╭──

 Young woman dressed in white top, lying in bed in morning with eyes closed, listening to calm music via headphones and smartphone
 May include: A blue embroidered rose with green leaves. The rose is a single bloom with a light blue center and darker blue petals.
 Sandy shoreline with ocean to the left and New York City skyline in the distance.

╰──
╭──

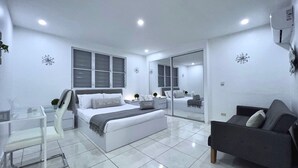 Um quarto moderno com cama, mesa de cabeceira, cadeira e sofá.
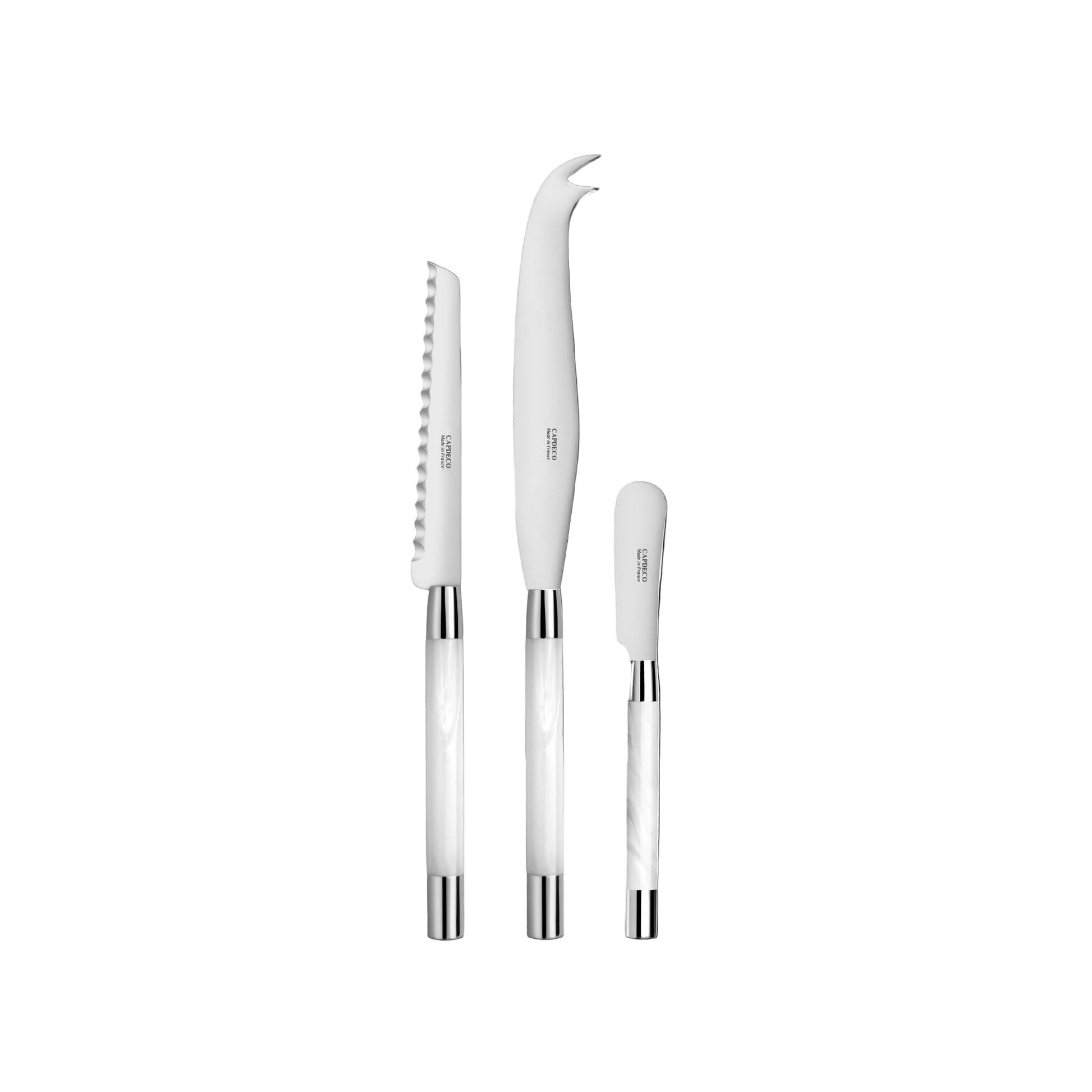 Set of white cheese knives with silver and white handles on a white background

╰──

§ **Task statement**
The response should be the listing above, limited to the lines between the one holding "Young woman dressed" and the one holding "Sandy shoreline with", inclusive, reproduced exactly.

§ **Task output**
 Young woman dressed in white top, lying in bed in morning with eyes closed, listening to calm music via headphones and smartphone
 May include: A blue embroidered rose with green leaves. The rose is a single bloom with a light blue center and darker blue petals.
 Sandy shoreline with ocean to the left and New York City skyline in the distance.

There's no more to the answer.